Text-to-Image Diffusion Models are Zero Shot Classifiers

Part of Advances in Neural Information Processing Systems 36 (NeurIPS 2023) Main Conference Track

Bibtex Paper Supplemental


Kevin Clark, Priyank Jaini


The excellent generative capabilities of text-to-image diffusion models suggest they learn informative representations of image-text data.However, what knowledge their representations capture is not fully understood, and they have not been thoroughly explored on downstream tasks.We investigate diffusion models by proposing a method for evaluating them as zero-shot classifiers.The key idea is using a diffusion model's ability to denoise a noised image given a text description of a label as a proxy for that label's likelihood.We apply our method to Stable Diffusion and Imagen, using it to probe fine-grained aspects of the models' knowledge and comparing them with CLIP's zero-shot abilities. They perform competitively with CLIP on a wide range of zero-shot image classification datasets.
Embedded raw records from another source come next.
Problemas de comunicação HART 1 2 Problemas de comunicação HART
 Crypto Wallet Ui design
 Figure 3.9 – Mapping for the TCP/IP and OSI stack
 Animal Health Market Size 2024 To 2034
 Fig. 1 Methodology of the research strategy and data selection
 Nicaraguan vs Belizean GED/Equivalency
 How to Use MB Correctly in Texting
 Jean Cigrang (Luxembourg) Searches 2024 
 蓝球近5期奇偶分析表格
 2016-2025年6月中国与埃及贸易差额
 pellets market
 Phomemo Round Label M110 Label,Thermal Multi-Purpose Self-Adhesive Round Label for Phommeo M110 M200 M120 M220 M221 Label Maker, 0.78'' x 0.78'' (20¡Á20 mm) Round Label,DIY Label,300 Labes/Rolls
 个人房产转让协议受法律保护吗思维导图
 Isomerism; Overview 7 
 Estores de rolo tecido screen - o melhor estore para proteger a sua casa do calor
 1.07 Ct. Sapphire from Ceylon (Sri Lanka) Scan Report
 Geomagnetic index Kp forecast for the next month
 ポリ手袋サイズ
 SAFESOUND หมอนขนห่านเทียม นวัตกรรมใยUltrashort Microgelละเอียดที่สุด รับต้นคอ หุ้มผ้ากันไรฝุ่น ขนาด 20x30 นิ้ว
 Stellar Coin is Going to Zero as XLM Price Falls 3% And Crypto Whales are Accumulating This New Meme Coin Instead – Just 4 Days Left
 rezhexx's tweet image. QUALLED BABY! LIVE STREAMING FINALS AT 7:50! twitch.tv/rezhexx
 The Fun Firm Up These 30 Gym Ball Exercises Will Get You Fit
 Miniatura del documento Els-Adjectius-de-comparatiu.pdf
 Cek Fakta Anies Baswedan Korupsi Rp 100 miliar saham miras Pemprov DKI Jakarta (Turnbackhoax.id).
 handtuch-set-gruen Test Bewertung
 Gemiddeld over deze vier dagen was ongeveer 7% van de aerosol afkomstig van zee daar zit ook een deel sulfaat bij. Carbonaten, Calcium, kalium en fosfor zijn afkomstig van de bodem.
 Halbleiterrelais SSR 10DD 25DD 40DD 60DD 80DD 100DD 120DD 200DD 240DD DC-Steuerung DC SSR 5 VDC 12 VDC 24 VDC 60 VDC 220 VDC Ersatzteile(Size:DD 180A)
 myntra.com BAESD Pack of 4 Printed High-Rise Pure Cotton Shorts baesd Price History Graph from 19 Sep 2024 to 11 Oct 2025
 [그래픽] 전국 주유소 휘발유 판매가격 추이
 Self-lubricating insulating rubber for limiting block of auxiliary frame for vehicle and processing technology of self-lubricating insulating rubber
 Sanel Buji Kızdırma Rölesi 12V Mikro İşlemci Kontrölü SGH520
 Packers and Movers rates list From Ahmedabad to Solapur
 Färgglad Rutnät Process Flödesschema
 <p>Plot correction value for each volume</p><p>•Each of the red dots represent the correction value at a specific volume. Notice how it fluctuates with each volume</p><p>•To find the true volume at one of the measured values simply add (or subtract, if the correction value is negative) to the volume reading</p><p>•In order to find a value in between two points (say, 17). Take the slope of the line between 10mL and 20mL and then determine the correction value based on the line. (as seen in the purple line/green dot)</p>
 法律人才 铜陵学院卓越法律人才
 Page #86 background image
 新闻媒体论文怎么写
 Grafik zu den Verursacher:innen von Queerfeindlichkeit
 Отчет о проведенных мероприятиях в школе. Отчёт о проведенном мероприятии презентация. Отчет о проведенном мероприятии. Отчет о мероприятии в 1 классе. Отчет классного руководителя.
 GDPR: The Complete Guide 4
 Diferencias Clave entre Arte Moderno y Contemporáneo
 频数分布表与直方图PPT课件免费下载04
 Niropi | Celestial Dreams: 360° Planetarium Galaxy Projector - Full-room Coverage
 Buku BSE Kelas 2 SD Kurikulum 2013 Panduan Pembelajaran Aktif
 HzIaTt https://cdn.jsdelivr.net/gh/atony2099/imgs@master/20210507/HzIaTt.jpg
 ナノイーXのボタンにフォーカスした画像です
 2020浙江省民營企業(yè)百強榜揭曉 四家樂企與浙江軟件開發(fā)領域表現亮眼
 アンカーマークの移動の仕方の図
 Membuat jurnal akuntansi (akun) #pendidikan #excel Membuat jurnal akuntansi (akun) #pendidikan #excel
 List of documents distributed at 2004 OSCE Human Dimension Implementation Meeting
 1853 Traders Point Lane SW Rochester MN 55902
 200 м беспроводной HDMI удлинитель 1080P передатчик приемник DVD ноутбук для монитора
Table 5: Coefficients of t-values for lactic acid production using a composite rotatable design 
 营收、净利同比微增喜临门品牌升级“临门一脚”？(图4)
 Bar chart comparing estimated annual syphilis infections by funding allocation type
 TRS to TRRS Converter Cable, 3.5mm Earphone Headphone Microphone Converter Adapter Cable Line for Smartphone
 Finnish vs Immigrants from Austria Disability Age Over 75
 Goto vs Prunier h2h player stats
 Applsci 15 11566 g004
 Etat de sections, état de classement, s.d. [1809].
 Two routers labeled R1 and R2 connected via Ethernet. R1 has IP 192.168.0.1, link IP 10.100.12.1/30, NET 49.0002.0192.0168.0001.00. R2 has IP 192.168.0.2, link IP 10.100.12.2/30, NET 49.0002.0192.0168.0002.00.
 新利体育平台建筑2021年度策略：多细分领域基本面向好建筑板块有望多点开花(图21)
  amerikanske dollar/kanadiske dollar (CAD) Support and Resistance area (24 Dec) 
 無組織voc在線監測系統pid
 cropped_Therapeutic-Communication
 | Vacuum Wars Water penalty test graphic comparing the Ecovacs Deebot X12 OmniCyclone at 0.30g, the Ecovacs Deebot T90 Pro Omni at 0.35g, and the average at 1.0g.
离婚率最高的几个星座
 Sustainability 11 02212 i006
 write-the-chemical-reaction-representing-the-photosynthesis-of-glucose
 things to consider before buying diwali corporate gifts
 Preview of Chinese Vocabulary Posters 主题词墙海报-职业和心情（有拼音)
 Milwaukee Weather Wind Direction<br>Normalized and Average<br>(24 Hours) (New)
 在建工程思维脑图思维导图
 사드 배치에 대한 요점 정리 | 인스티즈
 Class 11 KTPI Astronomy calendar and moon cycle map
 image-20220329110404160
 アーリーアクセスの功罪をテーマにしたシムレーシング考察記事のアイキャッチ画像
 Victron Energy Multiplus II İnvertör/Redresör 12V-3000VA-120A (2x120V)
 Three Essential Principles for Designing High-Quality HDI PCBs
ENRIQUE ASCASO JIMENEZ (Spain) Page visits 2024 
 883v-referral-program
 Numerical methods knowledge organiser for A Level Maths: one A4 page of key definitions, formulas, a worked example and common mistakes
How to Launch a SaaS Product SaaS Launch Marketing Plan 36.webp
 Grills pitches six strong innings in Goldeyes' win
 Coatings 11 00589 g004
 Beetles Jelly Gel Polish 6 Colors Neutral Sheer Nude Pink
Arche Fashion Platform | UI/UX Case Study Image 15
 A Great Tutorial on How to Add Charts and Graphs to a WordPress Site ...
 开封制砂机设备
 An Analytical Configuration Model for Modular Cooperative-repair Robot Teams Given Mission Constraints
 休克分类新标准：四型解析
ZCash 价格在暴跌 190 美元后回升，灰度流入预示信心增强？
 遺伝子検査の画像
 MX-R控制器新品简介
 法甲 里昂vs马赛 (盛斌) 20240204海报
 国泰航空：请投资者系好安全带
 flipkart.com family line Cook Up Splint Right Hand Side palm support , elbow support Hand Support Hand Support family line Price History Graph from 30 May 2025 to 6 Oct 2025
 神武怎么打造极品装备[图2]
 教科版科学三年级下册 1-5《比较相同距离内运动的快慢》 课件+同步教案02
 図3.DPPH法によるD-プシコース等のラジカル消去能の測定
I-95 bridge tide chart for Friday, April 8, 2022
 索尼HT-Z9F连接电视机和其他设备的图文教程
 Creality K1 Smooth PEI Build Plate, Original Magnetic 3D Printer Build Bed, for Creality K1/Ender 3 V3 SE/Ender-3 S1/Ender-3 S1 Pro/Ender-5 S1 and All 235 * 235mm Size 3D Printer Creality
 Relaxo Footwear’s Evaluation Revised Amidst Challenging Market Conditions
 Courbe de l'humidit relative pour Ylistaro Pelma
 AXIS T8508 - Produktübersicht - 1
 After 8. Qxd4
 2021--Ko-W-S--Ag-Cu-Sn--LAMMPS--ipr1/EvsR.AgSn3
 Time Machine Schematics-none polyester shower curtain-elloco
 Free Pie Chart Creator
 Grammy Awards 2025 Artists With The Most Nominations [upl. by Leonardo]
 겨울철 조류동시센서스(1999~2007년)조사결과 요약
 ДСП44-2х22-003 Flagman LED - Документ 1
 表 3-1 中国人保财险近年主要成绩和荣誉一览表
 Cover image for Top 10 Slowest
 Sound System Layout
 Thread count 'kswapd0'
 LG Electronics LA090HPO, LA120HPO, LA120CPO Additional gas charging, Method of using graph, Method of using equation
Additionally, they achieve state-of-the-art results on shape/texture bias tests and can successfully perform attribute binding while CLIP cannot.Although generative pre-training is prevalent in NLP, visual foundation models often use other methods such as contrastive learning. Based on our findings, we argue that generative pre-training should be explored as a compelling alternative for vision and vision-language problems.